Shearing wages were also not competitive with other industries, he said, which could be part of the reason why the industry's workforce had declined by 32 per cent since 2006.
"The so called auction or bidding war did start with growers, it was a natural commercial reaction to jump the queue," he said.
"You've kind of got one set of producers making it more difficult for another set of producers.
"Only 18 per cent of our workers - that's close to one in six - earnt more than $84000 a year as a gross taxable income.
"No one in Australia thinks $84000 is a lot of money anymore. If we've got 82 per cent of workers earning below what we would consider a reasonably good living, then that must go a long way to explaining why we've lost 32 per cent of our workforce."

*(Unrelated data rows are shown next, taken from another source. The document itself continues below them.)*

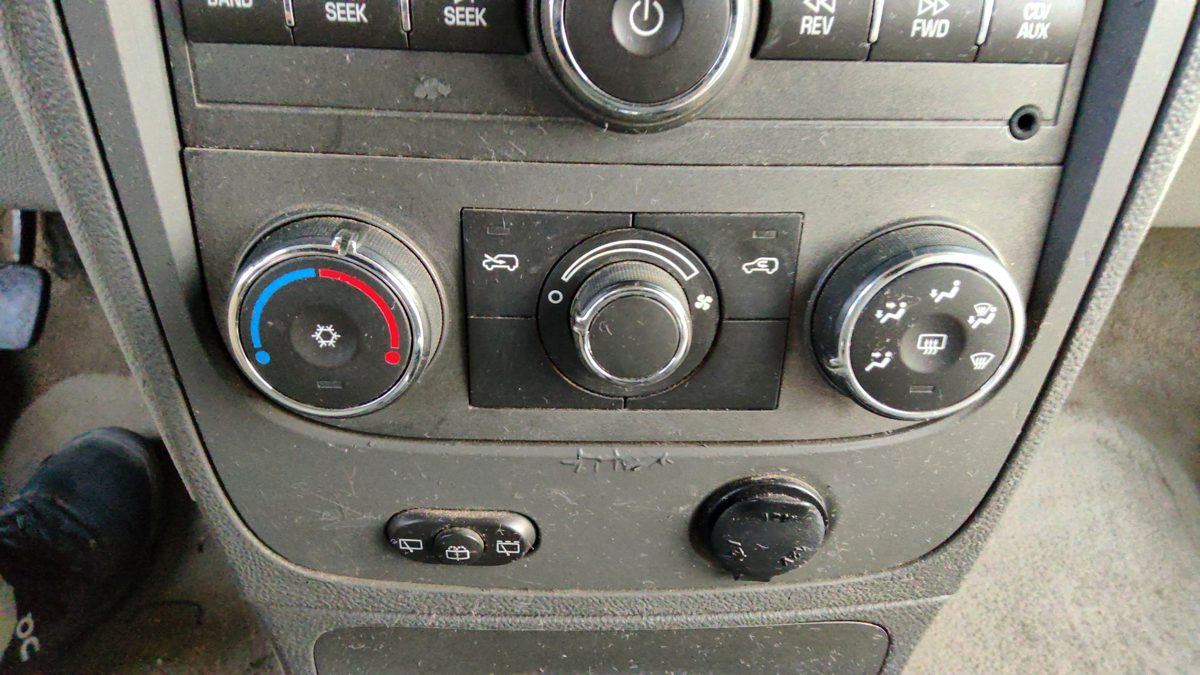 2007-2011 Chevy Hhr Temperature Control Module In Dash Heater Ac Head Unit Oem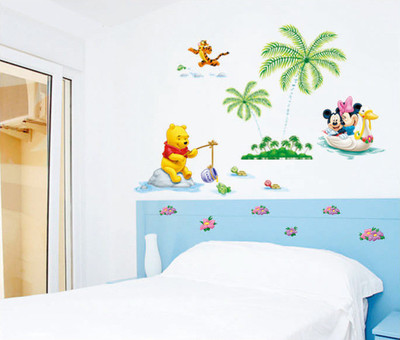 33% OFF on Pindia Poo & Mickey At Beach Wall Sticker 33% OFF on Pindia Poo & Mickey At Beach Wall Sticker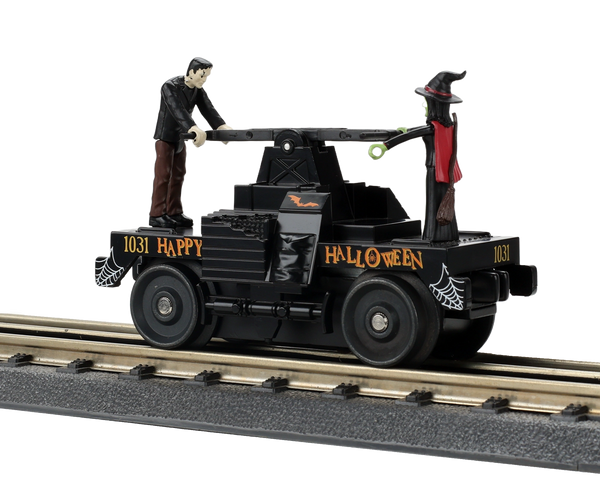 MTH 30-5242 Halloween Operating Hand Car (Black)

"We can't have a scenario where for farmers, the cost of production is too high and they don't want sheep anymore... but we can't have a situation where our workforce is not earning enough competitively with other industries."
He agreed that spreading shearing work throughout the year could help, and the Shearing Contractors' Association of Australia had proposed seasonal rates of pay.
"You would have a peak season of shearing, and that would obviously be spring, and then you could have lower seasons, being winter in Victoria, where they go back to the award rate," he said.
"Those producers that were price sensitive, they would then have an incentive to adjust their farming cycles so they did that shearing process during the low season and get the base rate.
"But those who are not price sensitive, they're big croppers or big in other areas, and shearing is an inconvenience to them and they're happy to do it when it suits them, well they pay the premium.
"Then those workers, instead of being flat out and missing out on work to overseas workers because they can't do it all in that season, then that work is spread out over a longer period of time and farmers would benefit too."